Companies will need to consider carefully whether, for ongoing transactions, a supplementary prospectus is required because COVID-19 has introduced significant new factors or rendered information in an original prospectus inaccurate. COVID-19 has shown that some disclosure requirements lack the flexibility to enable companies to represent their anticipated future prospects fairly and accurately in light of the current uncertainty. We are also likely to see increasing numbers of third party professionals who are nervous about providing, or are unwilling to provide, companies with support for disclosures, knowing that their work and statements will be relied upon, for fear of themselves incurring liability.
It remains to be seen whether, as a result of lobbying or otherwise, any additional safe harbours or protections will be introduced by legislation or changes to regulatory rules and guidance, in order to increase the flexibility of the disclosure regimes. Subject to such measures, there is clearly an increased risk of securities class actions arising out of the pandemic.
The Coronavirus Act 2020 (and associated legislation) has introduced a range of emergency measures to address the COVID-19 outbreak, including new powers for the police and public authorities to help prevent the further transmission of the disease.
The introduction of these measures has been rapid and, with plenty of ongoing uncertainty around the scope of some of the measures introduced, there is a risk of falling into error.

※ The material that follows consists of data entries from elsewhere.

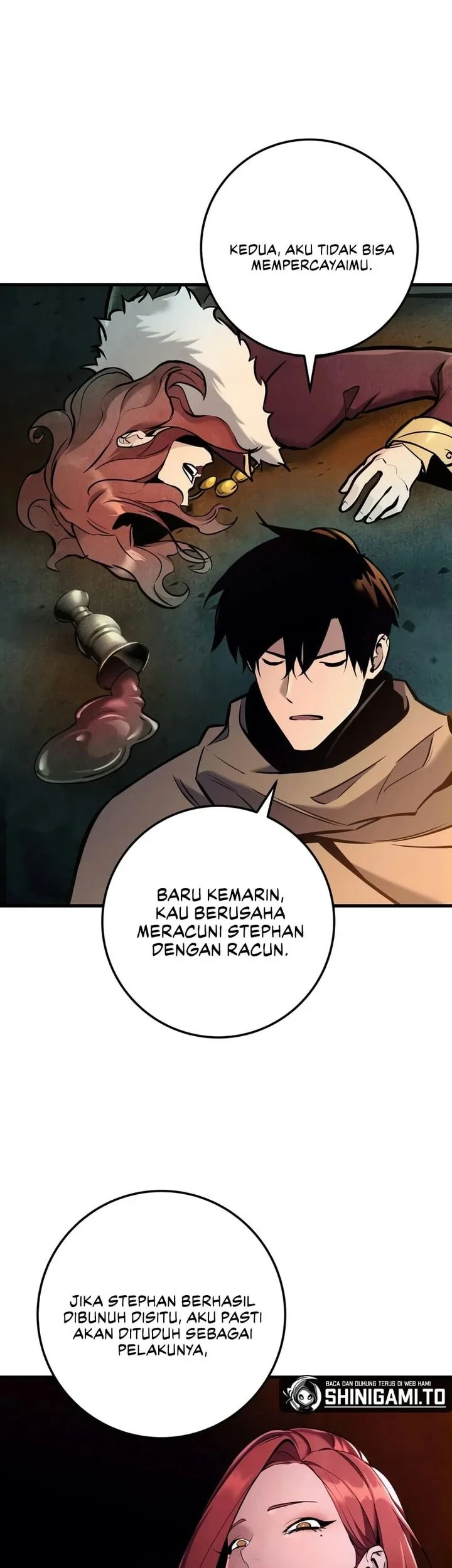 The Wandering Knight's Survival Manual Chapter 45 - halaman 50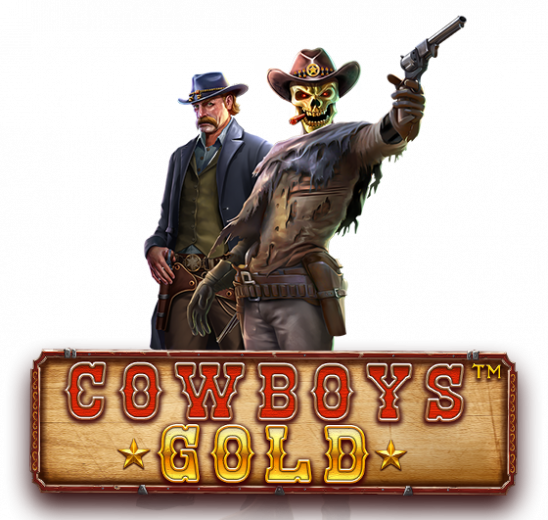Cowboys Gold Slot Logo No Deposit Slots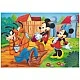 Puzzle, Lisciani, Mickey Mouse and friends, Double-sided puzzle 108 pieces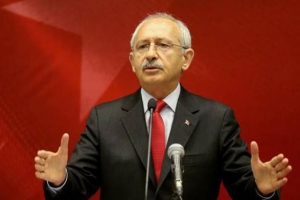 Kılı&ccedil;daroğlu: Hak arayışından vazge&ccedil;meyeceğiz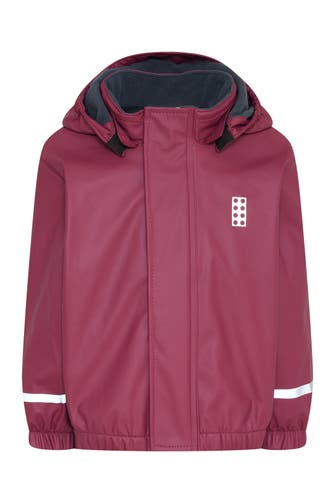 LEGO WEAR Regenjacke 'LWJipe' beere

For example there is the risk of secondary legislation and other guidance falling foul of primary legislation including the Human Rights Act. There is also the risk of misapplication of the measures. There have, for example, already been reports of individuals being wrongly fined under the new legislation.
The erroneous introduction or misuse of these powers could provide another ground for litigation. This could take the form of test case claims for judicial review, most obviously on the grounds of illegality, procedural unfairness, or irrationality, with the result affecting the position of a wide class of people. Also, where the errors give rise to private law claims, most obviously torts such as breaches of the Human Rights Act 1998, this could give rise to class actions. For example, the prospect of COVID-19 outbreaks in state institutions – such as in prisons – could well give rise to claims if appropriate measures are not taken.

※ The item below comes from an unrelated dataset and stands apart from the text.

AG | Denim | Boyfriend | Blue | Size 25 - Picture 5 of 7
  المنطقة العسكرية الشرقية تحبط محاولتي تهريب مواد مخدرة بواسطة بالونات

Issues for claimant firms and funders
COVID-19 related claims present potentially lucrative opportunities for claimant firms and funders – and of course, without the requisite funding, many prospective class actions would struggle to get off the ground.
As one litigation funder has recently predicted, it may well be that the current environment lends itself to an up-turn in big ticket litigation in the near future. That same funder also announced its intention to “husband” liquidity in order to maximise future opportunity (including by not recommending a final 2019 dividend). So we can expect that many funders will be looking to be proactive in identifying and pursuing claims in the current situation.

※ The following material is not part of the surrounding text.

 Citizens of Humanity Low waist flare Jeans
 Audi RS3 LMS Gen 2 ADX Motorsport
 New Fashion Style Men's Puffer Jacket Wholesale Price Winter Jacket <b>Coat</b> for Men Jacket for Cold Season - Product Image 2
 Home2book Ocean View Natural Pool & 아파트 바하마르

But only time will tell what the fallout from the crisis may hold for the risk appetite of funders, who may themselves be looking to re-stabilise after a period of considerable turbulence. That may mean an increased focus on “safer bets” in litigation terms, so that those with more uncertain claims are left struggling to find funding. At the same time, since low interest rates are likely to endure for a long while after the crisis abates, one might expect greater investment inflows into litigation funders (among other alternative asset classes). That may drive some funders to entertain claims of a more speculative nature, geared towards extracting early settlements from target defendants perceived as being at their most vulnerable.
Access to justice
In our recent post, we discussed the impact of COVID-19 on civil litigation, including the transition to remote hearings in the English courts. Given the current challenges, the High Court is giving priority to urgent matters, and the Court of Appeal is currently hearing urgent matters only.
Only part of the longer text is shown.